By Dr. Hassan Humeida
Kiel, Germany

KIEL: In all open societies, we tend to stress the importance of facts, full facts, and not half facts or zero facts (known today as fake news), because they have a very strong impact on the people, the community and the country.

False information, misinformation and disinformation can cause enormous damage with major consequences.

The damage they cause often lasts a long time because lies and misinformation do not expire after their publication. They cannot be removed with a “Remove” command.

Therefore, the journalists and the news sites must provide the best quality of information and strong facts. In the long term, the higher the quality of the information, the greater the benefit and the better the reputation are for the media.

To make sure that the information is based on facts and data, there is now an increase reliance on fact checking.
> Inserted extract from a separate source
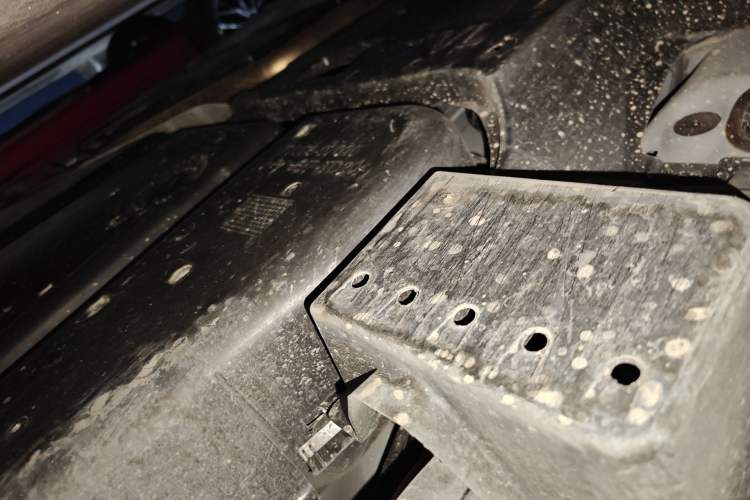 Used Toyota Avalon 2024 Dual-Engine 2.5L XLE Premium Edition Chassis Rear Left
It is very important to verify claims, reports, videos and pictures.

This verification is essential and fundamental before broadcasting any information, no matter how important or unimportant it is to the public.

A review of the information for quality primarily requires a high degree of honesty, professionalism, personal responsibility, accuracy and commitment to society and fellow human beings.

A verification of facts before they are transmitted externally ensures their quality and the credibility of the information provided, which makes fulfilling people’s expectations for facts and truth possible.

As we live in a fast-paced world, there is increasing pressure on the media for quick information, urgent reporting, lightning-fast photo shoots, spontaneous encounters and interviews with certain people or target groups and much more.

Information is conveyed to the media through digital and social media of various kinds.

So, it is conceivable that there are errors, misinformation here, that they creep into reports.

Fact checking is not an option. It is a must. It includes filtering out, excluding, and correcting these errors in facts before passing them on to the public and society.

There is often so much glory, so much power about and with the media. However, operating the media is no picnic. It takes a lot of hard work to bring out the facts, all the facts and nothing but the facts.

This process includes verifying the facts, comparing data, and checking the sources. It also includes seeking a second opinion or advice from supervisors or from experienced colleagues.

Fact checking is very important in the drive to put an end to injustice, exclusion, discrimination, crime, exploitation, human trafficking, destruction of nature and the deterioration of human values.

Checking facts is a luxury. All media organizations should engage in it in order to minimize risks in providing information and facts and ensuring there is no misinformation that could destroy lives, damage businesses and ruin countries.

And to make sure that we all work for a safe world, where we can all embrace technology safely, we need to make sure media work will use factual quality in equal measures.

Media organizations thus check with each other for correct information and facts. Manipulations in media will be excluded and transparency in information and facts can be achieved for everyone.